Wednesday, April 02, 2008
Thanks to my imaginary internet friends who pointed out this tidbit from the NY Times.
Too cool - my pal Otis is live blogging the damn thing at UpForPoker.
Congress to Take Testimony on Internet Gambling Ban
The Unlawful Internet Gambling Enforcement Act of 2006 made it illegal for banks and other financial institutions to process online wagers. The goal was to find an indirect way to regulate offshore casinos, which are outside the jurisdiction of American law enforcement. In short: the casinos are out of reach, but not the banks in the United States that process their transactions.
The question now is whether the banks are capable of stopping the transactions. That is the topic of a hearing scheduled for Wednesday in front of a subcommittee of the House Committee on Financial Services.
It’s a hearing that has, perhaps not surprisingly, an interesting political subtext. But first, a bit of background.
Under the gambling act, the Treasury Department and the Federal Reserve were charged with coming up with rules that financial institutions would be required to follow to block gambling transactions. The Treasury Department published its proposed rules last year, and then, as is customary, asked for public comment on the ideas.
Among those critical of the rules were some banks and their trade organizations. For instance, the American Bankers Association has asserted that its members are going to have a difficult time complying. In a letter to the Treasury Department, the organization said that even the definition of “unlawful Internet gambling” was too vague.

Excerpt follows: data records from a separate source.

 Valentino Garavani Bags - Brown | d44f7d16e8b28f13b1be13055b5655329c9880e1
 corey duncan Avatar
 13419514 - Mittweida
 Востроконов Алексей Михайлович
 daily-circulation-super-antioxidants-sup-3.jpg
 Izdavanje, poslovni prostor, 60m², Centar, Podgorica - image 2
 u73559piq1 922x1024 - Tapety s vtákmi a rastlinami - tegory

The ABA is among the groups scheduled to testify before the Subcommittee on Domestic and International Monetary Policy, Trade and Technology.

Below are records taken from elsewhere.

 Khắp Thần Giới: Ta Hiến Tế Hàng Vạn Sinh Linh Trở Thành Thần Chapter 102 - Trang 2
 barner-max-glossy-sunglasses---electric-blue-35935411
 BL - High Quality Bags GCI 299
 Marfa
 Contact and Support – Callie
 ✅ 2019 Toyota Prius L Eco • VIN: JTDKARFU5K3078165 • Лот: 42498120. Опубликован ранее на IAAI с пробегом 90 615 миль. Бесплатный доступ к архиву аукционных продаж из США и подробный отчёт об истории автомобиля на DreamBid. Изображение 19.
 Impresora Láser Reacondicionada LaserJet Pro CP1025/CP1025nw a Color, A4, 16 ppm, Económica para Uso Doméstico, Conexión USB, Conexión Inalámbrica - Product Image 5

Advocates of the legislation have argued that, broadly speaking, an effective way to enforce a gambling ban is to go after the payment mechanism. They have been emboldened by the fact that Internet gambling activity has been hindered in the United States each time that financial services companies – from PayPal to banks issuing credit cards – have agreed to make best efforts to stop processing online wagers.

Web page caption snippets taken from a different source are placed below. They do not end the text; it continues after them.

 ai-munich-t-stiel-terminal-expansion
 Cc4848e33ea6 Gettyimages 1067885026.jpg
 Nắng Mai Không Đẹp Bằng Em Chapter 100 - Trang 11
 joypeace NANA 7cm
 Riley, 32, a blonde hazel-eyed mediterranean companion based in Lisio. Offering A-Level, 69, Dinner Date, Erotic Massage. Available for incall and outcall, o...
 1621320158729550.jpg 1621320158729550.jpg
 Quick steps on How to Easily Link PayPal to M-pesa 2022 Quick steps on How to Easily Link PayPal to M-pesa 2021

In the case of the subcommittee hearing, there is a political subtext. Congressman Barney Frank, the Massachusetts Democrat, is the chairman of the House Committee on Financial Services. He is also the author of a bill that would legalize and regulate Internet gambling – a law that would essentially override the Unlawful Internet Gambling Enforcement Act.
Ultimately the subcommittee does not have the power to tell the Treasury Department to change its rules – short of passing new legislation. But the hearing does serve to keep alive the debate about whether a ban on online gambling is enforceable, a debate that the offshore casinos are more than happy to stoke.
One organization representing offshore gambling companies said today that the banks shouldn’t be wasting their time regulating gambling because they have bigger issues to deal with.
“Rather than these companies spending their efforts on this, it would make sense to be more focused on more important issues, such as responding to what’s happening to the economy,” said Michael Waxman, who does public relations for the Safe and Secure Internet Gambling Initiative, a lobbying group backed by offshore casinos.
One could argue that financial institutions should be capable of focusing on more than one issue at a time — but perhaps that is a matter for the subcommittee to consider.